Prompt: Give the records again exactly as written. Leave out the pictures.

+++

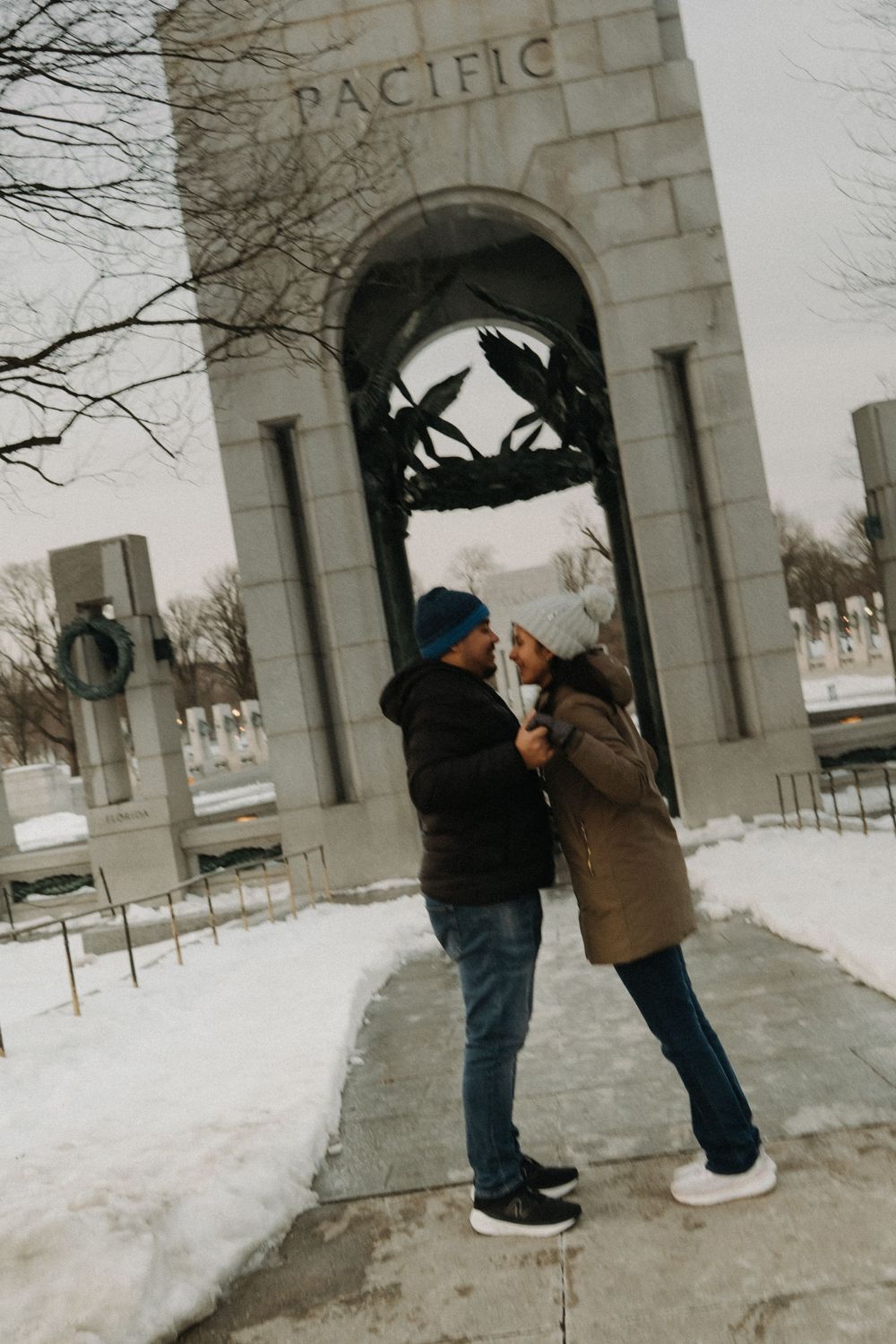 A couple shares a tender moment under a stone archway in the snow.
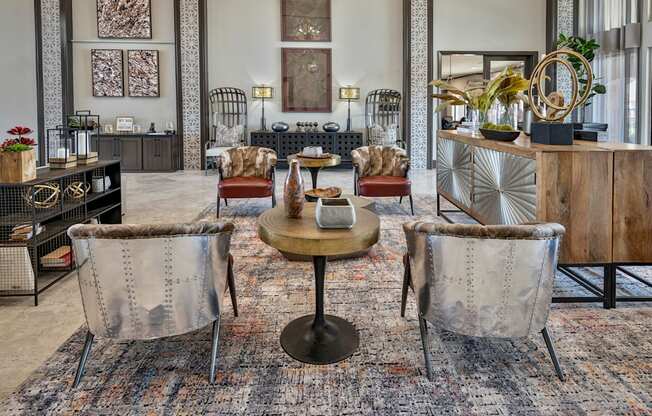 A living room with a round table and chairs.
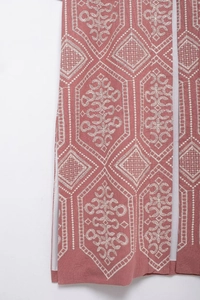 Close-up of pink long-sleeve cardigan featuring intricate white geometric embroidery detail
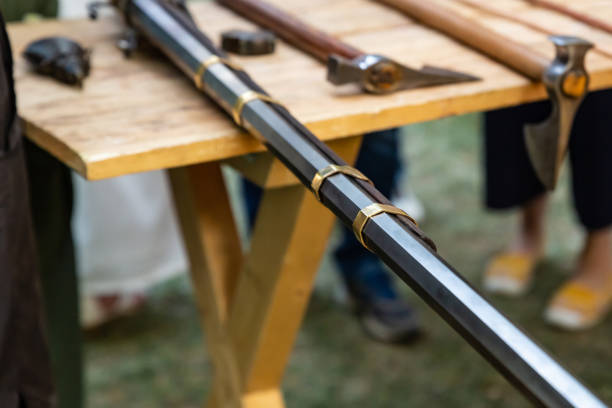 istock weapons iron black barrel, long closeup with gold stripes on a blurred background battle ax 1219456465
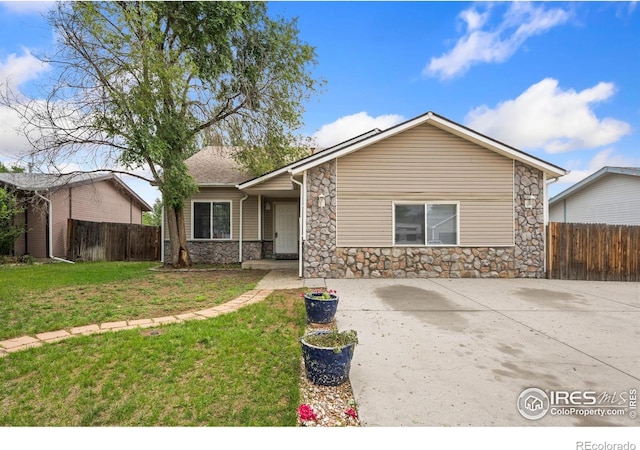 4740 Everglade Ct, Greeley, CO 80634 - mid-century modern home featuring stone siding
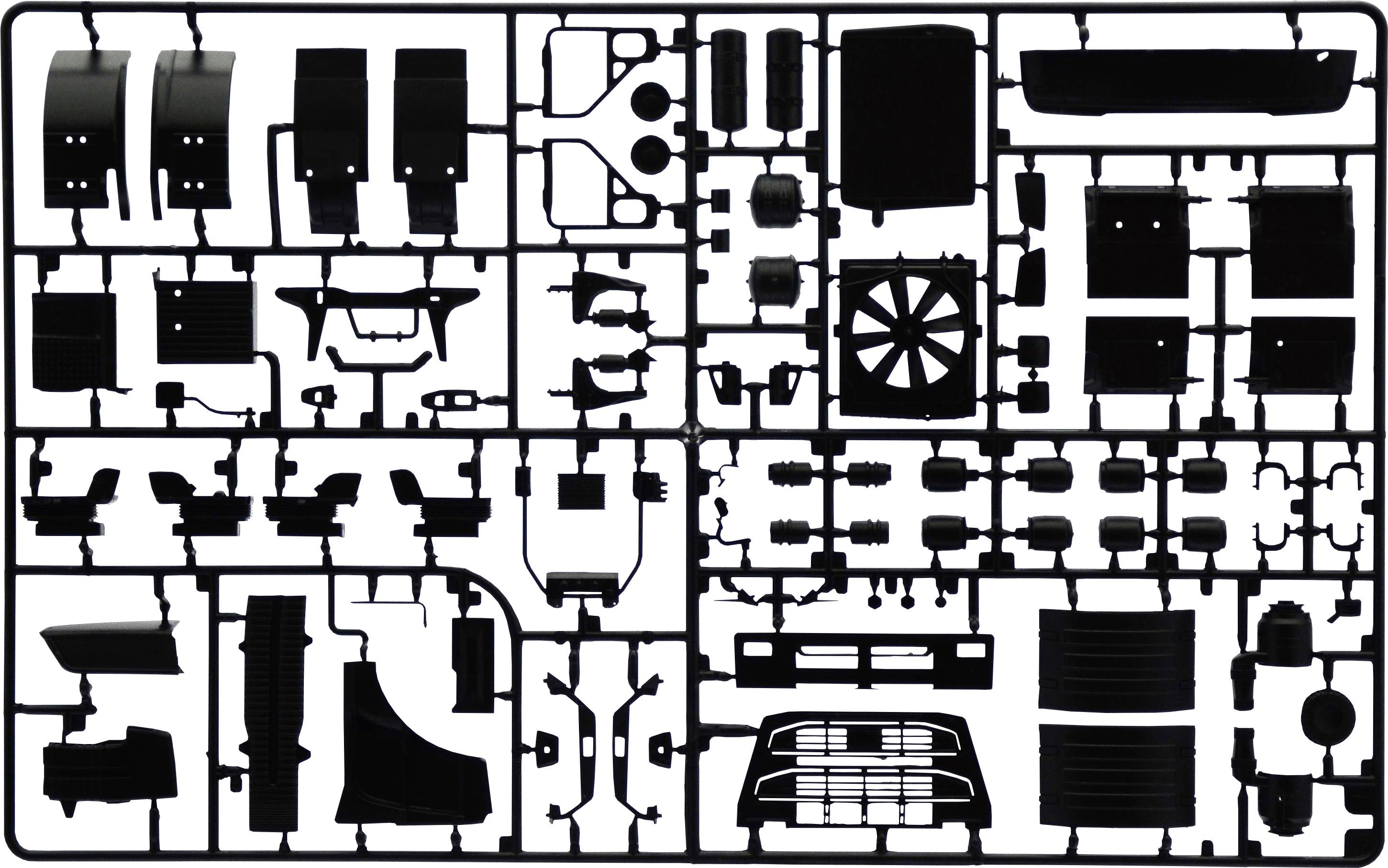 Gussrahmen mit verschiedenen schwarzen Plastikteilen eines Modellbausatzes. Teile sind für die Montage eines Mini-Modellfahrzeugs.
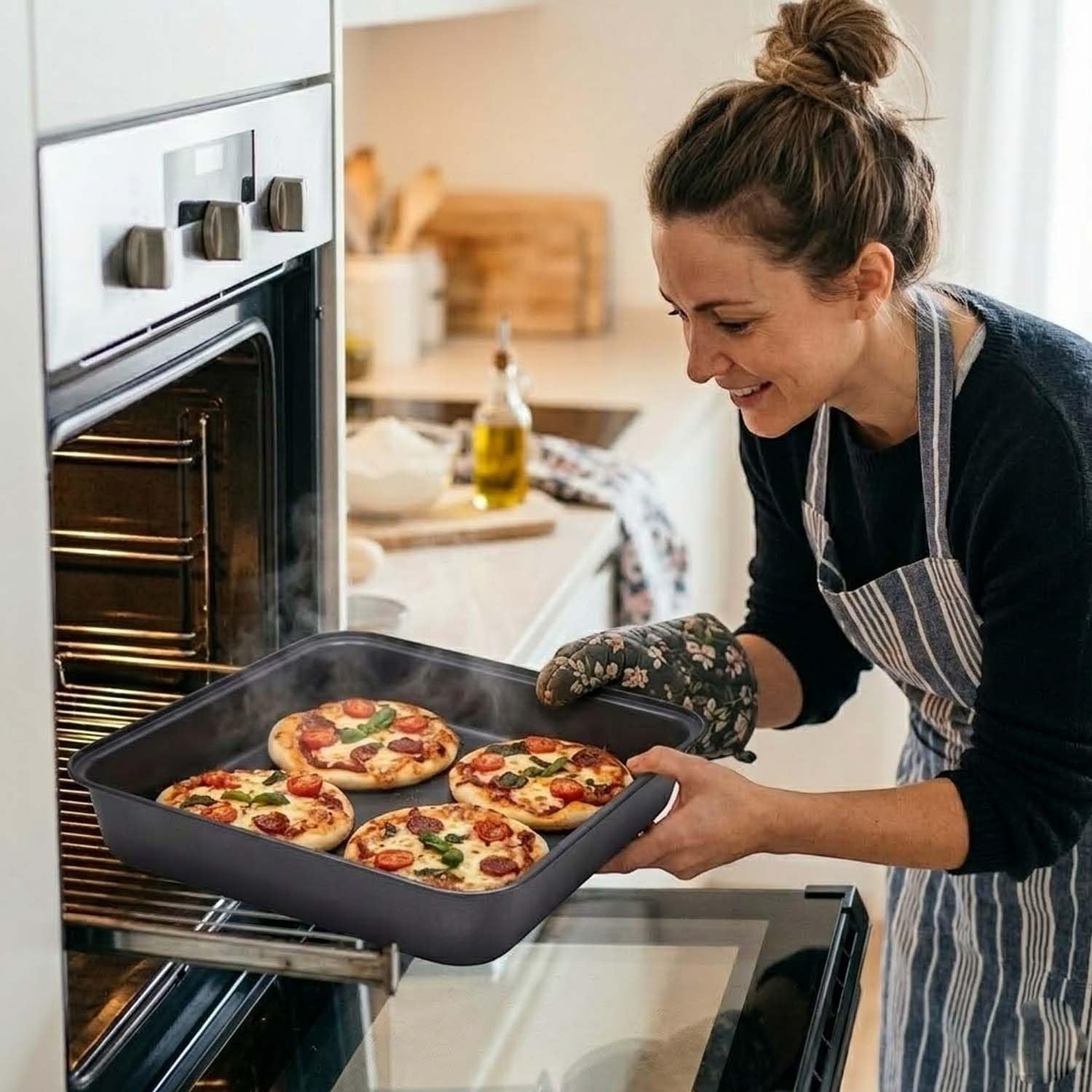 GoHooked grey square carbon steel baking pan with four mini pizzas, 23.5 x 22 x 5 cm.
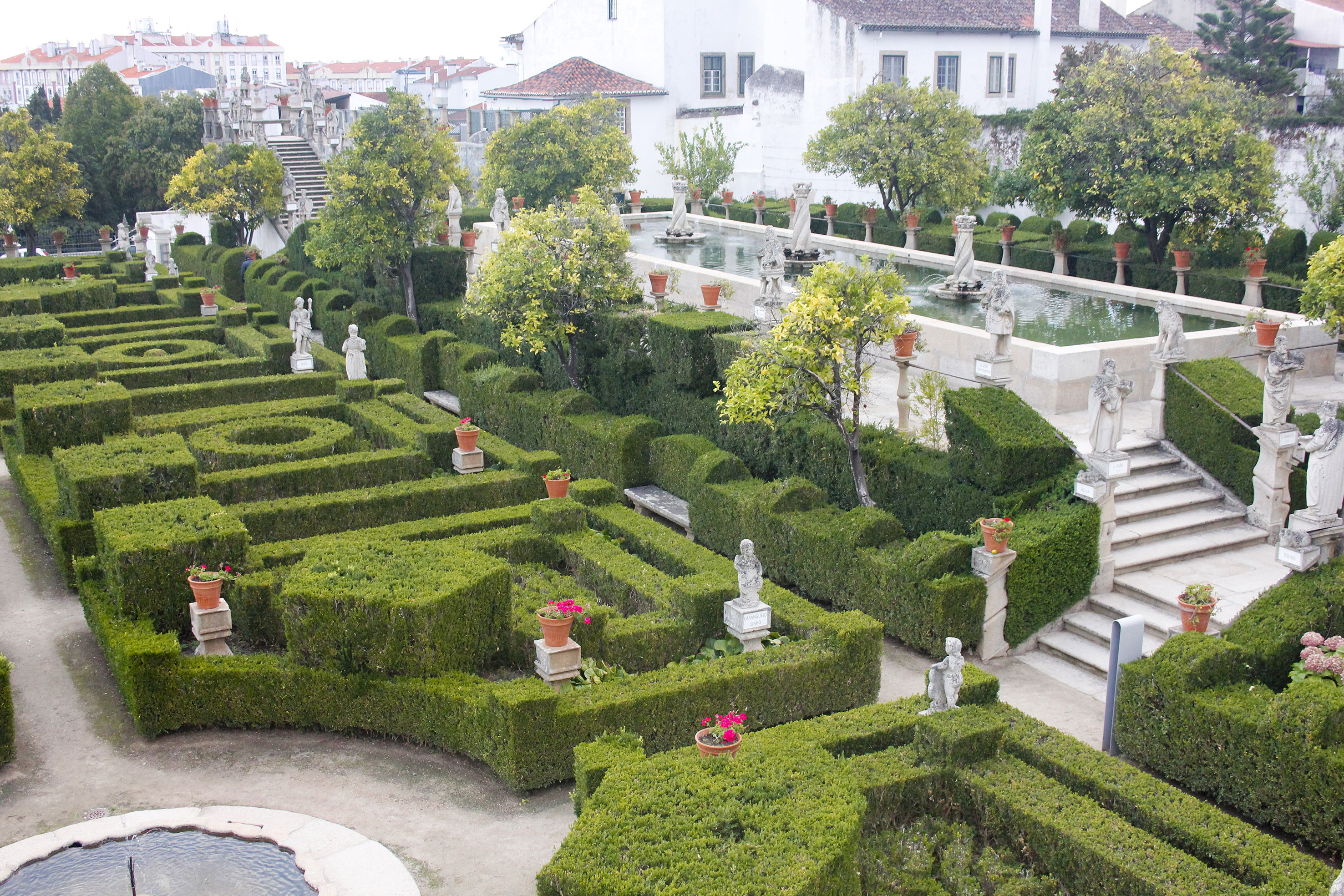 Formal garden with geometric hedges, classical statues, and decorative fountain.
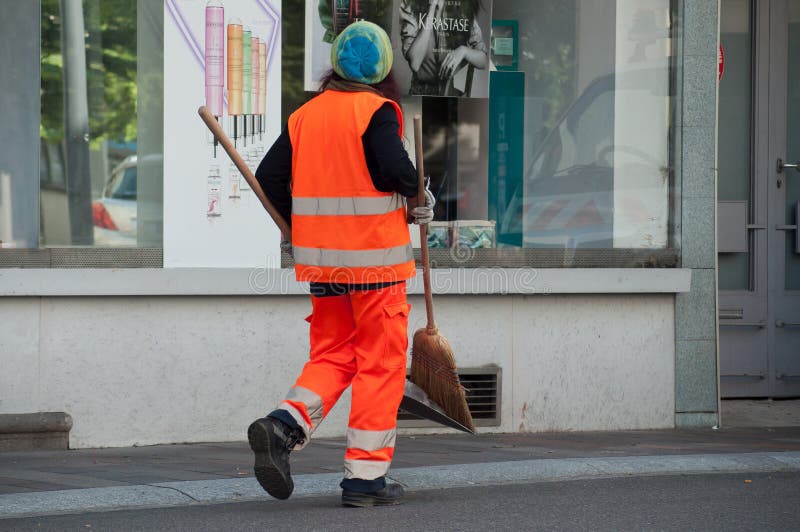 Δημοτικός υπάλληλος γυναικών που περπατά με το φτυάρι και τη σκούπα υπό εξέταση στοκ φωτογραφία με δικαίωμα ελεύθερης χρήσης Δημοτικός υπάλληλος γυναικών που περπατά με το φτυάρι και τη σκούπα υπό εξέταση στοκ φωτογραφία με δικαίωμα ελεύθερης χρήσης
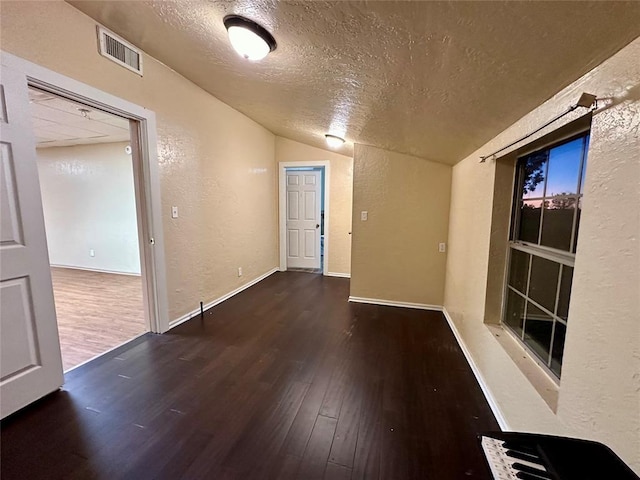 20973 US Highway 62, Altus, OK 73521 - unfurnished room with vaulted ceiling, a textured ceiling, a textured wall, wood finished floors, and baseboards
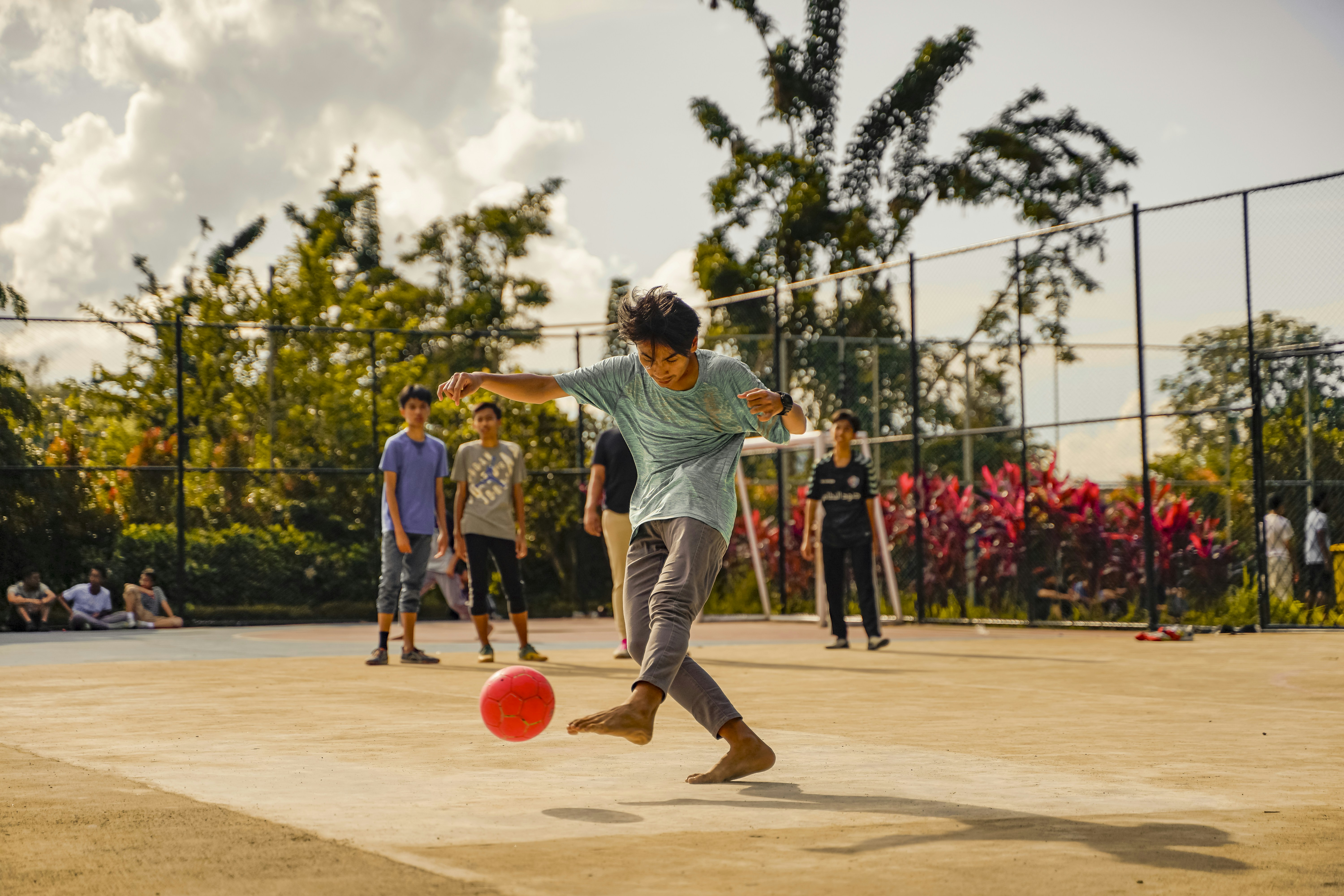 a group of young men playing a game of frisbee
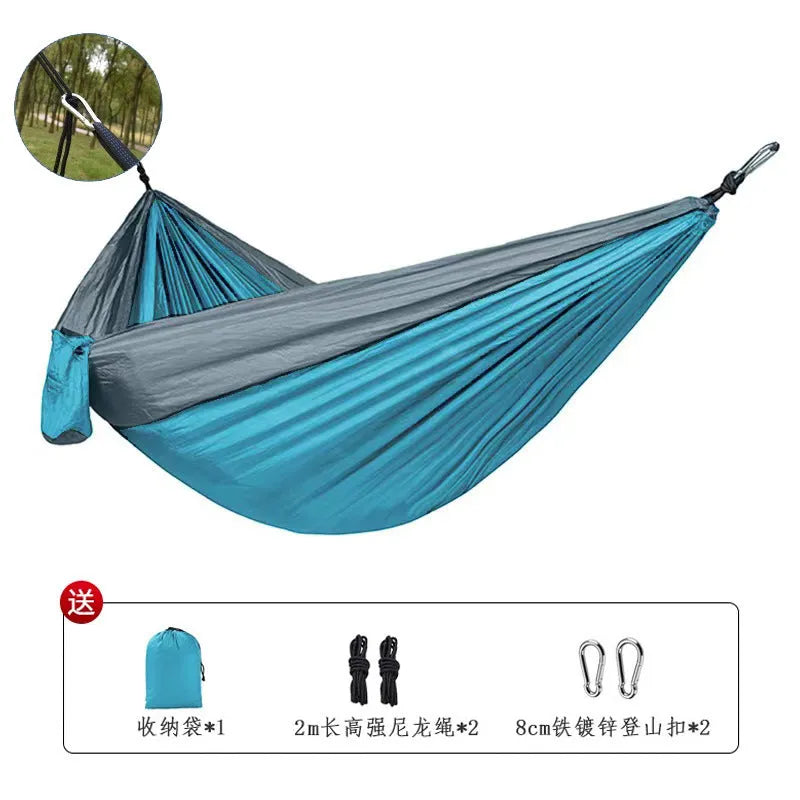Blue nylon parachute cloth camping hammock hung between two trees outdoors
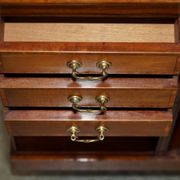 Restored Victorian walnut revolving library.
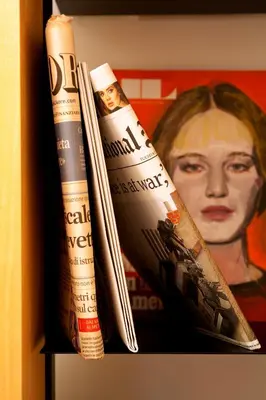 two books sitting on a shelf next to a painting at Residenza Pantaleo in Rome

+++

Answer to this problem:
 A couple shares a tender moment under a stone archway in the snow.
 A living room with a round table and chairs.
 Close-up of pink long-sleeve cardigan featuring intricate white geometric embroidery detail
 istock weapons iron black barrel, long closeup with gold stripes on a blurred background battle ax 1219456465
 4740 Everglade Ct, Greeley, CO 80634 - mid-century modern home featuring stone siding
 Gussrahmen mit verschiedenen schwarzen Plastikteilen eines Modellbausatzes. Teile sind für die Montage eines Mini-Modellfahrzeugs.
 GoHooked grey square carbon steel baking pan with four mini pizzas, 23.5 x 22 x 5 cm.
 Formal garden with geometric hedges, classical statues, and decorative fountain.
 Δημοτικός υπάλληλος γυναικών που περπατά με το φτυάρι και τη σκούπα υπό εξέταση στοκ φωτογραφία με δικαίωμα ελεύθερης χρήσης Δημοτικός υπάλληλος γυναικών που περπατά με το φτυάρι και τη σκούπα υπό εξέταση στοκ φωτογραφία με δικαίωμα ελεύθερης χρήσης
 20973 US Highway 62, Altus, OK 73521 - unfurnished room with vaulted ceiling, a textured ceiling, a textured wall, wood finished floors, and baseboards
 a group of young men playing a game of frisbee
Blue nylon parachute cloth camping hammock hung between two trees outdoors
 Restored Victorian walnut revolving library.
 two books sitting on a shelf next to a painting at Residenza Pantaleo in Rome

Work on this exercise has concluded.